0

I have an RDD containing data like this: (downloadId: String, date: LocalDate, downloadCount: Int). The date and download-id are unique and the download-count is for the date.

What I've been trying to accomplish is to get the number of consecutive days (going backwards from the current date) that a download-id was in the top 100 of all download-ids. So if a given download was in the top-100 today, yesterday and the day before, then it's streak would be 3.

In SQL, I guess this could be solved using window functions. I've seen similar questions like this. How to add a running count to rows in a 'streak' of consecutive days

(I'm rather new to Spark but wasn't sure to how to map-reduce an RDD to even begin solving a problem like this.)

Some more information, the dates are the last 30 days and there are approximately unique 4M download-ids per day.

Mridang Agarwalla
  • 43,201
  • 71
  • 221
  • 382

2 Answers2

1

Using a similar approach in the listed PostgreSQL link, you can apply Window function in Spark as well. Spark's DataFrame API doesn't have encoders for java.time.LocalDate, so you'll need to convert it to, say, java.sql.Date.

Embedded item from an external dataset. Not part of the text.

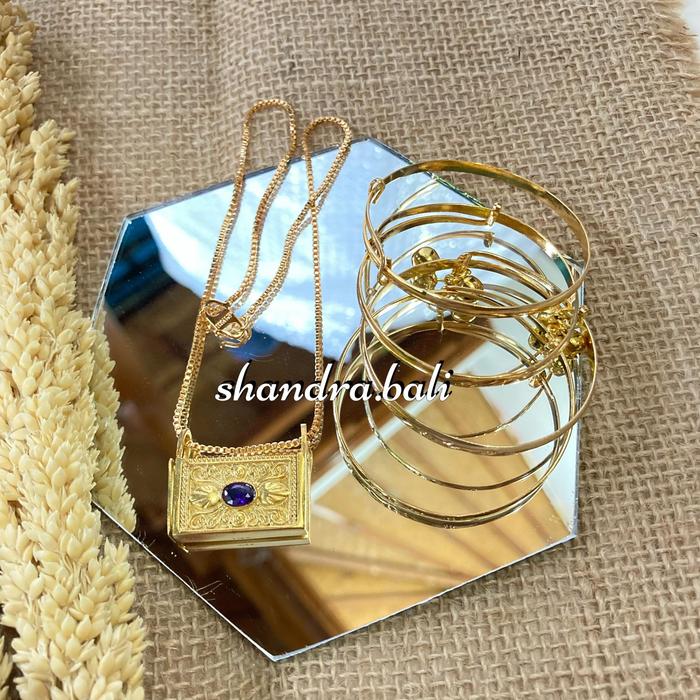 Gambar Shandra - Set 3 Tiga Bulanan Bayi Alpaka Emas Bali - #D dari Shandra Bali undefined Tokopedia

Here're the steps: First, transfrom the RDD to a DataFrame with supported date format; next, create a UDF to compute the baseDate which requires a date and a per-id chronological row-number (generated using Window function) as parameters. Another Window function is applied to calculate per-id-baseDate row-number, which is the wanted streak value:

import java.time.LocalDate

val rdd = sc.parallelize(Seq(
  (1, LocalDate.parse("2017-12-13"), 2),
  (1, LocalDate.parse("2017-12-16"), 1),
  (1, LocalDate.parse("2017-12-17"), 1),
  (1, LocalDate.parse("2017-12-18"), 2),
  (1, LocalDate.parse("2017-12-20"), 1),
  (1, LocalDate.parse("2017-12-21"), 3),
  (2, LocalDate.parse("2017-12-15"), 2),
  (2, LocalDate.parse("2017-12-16"), 1),
  (2, LocalDate.parse("2017-12-19"), 1),
  (2, LocalDate.parse("2017-12-20"), 1),
  (2, LocalDate.parse("2017-12-21"), 2),
  (2, LocalDate.parse("2017-12-23"), 1)
))

val df = rdd.map{ case (id, date, count) => (id, java.sql.Date.valueOf(date), count) }.
  toDF("downloadId", "date", "downloadCount")

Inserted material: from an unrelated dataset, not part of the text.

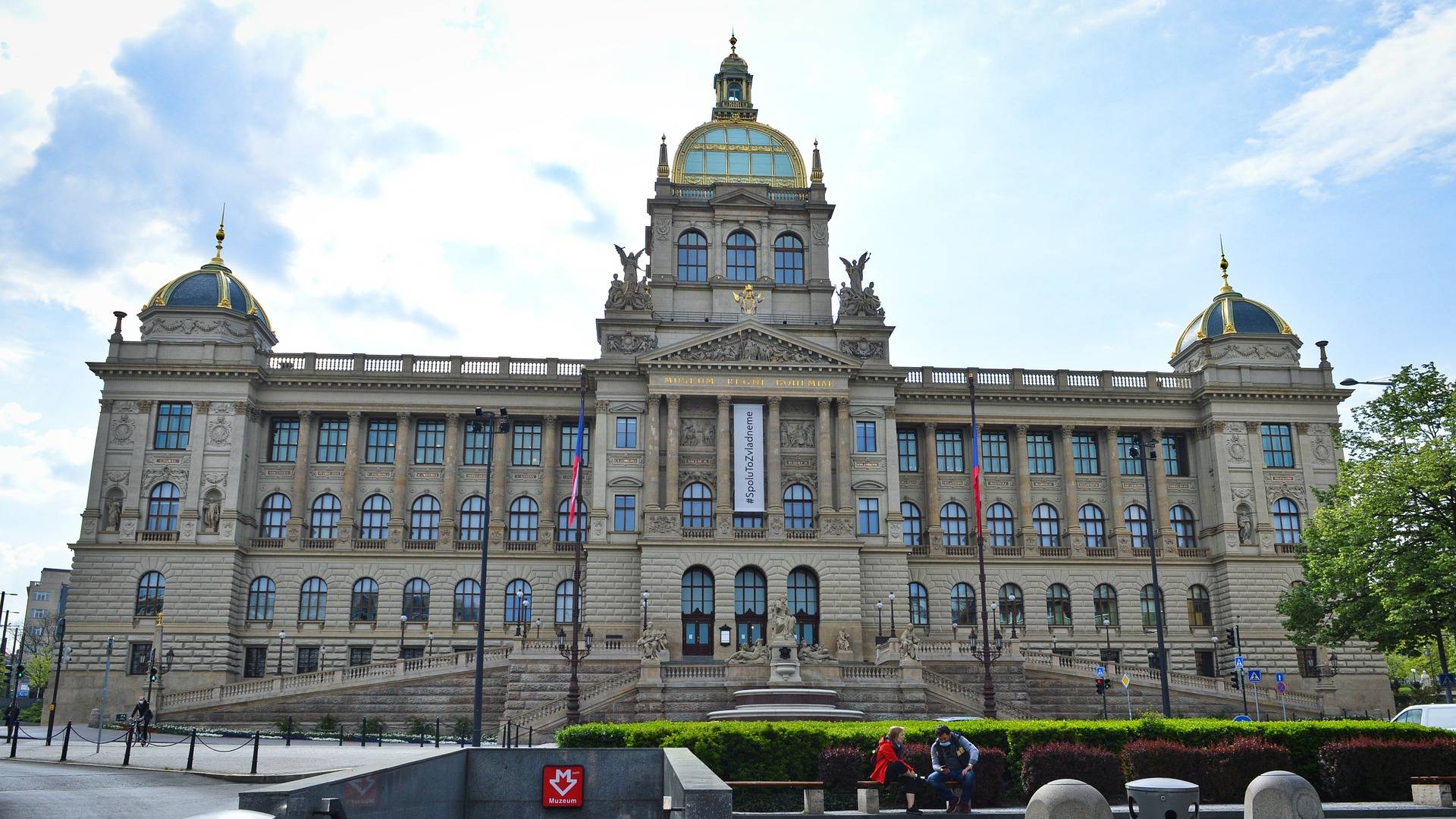 Fachada del Museo Nacional de Praga.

def baseDate = udf( (d: java.sql.Date, n: Long) =>
  new java.sql.Date(new java.util.Date(d.getTime).getTime - n * 24 * 60 * 60 * 1000)
)

import org.apache.spark.sql.expressions.Window

val dfStreak = df.withColumn("rowNum", row_number.over(
    Window.partitionBy($"downloadId").orderBy($"date")
  )
).withColumn(
  "baseDate", baseDate($"date", $"rowNum")
).select(
  $"downloadId", $"date", $"downloadCount", row_number.over(
    Window.partitionBy($"downloadId", $"baseDate").orderBy($"date")
  ).as("streak")
).orderBy($"downloadId", $"date")

dfStreak.show
+----------+----------+-------------+------+
|downloadId|      date|downloadCount|streak|
+----------+----------+-------------+------+
|         1|2017-12-13|            2|     1|
|         1|2017-12-16|            1|     1|
|         1|2017-12-17|            1|     2|
|         1|2017-12-18|            2|     3|
|         1|2017-12-20|            1|     1|
|         1|2017-12-21|            3|     2|
|         2|2017-12-15|            2|     1|
|         2|2017-12-16|            1|     2|
|         2|2017-12-19|            1|     1|
|         2|2017-12-20|            1|     2|
|         2|2017-12-21|            2|     3|
|         2|2017-12-23|            1|     1|
+----------+----------+-------------+------+
Leo C
  • 22,006
  • 3
  • 26
  • 39
1

I suggest you work with DataFrames, as they are much easier to use than RDDs. Leo's answer is shorter, but I couldn't find where it was filtering for the top 100 downloads, so I decide to post my answer as well. It does not depend on window functions, but it is bound on the number of days in the past you want to streak by. Since you said you only use the last 30 days' data, that should not be a problem.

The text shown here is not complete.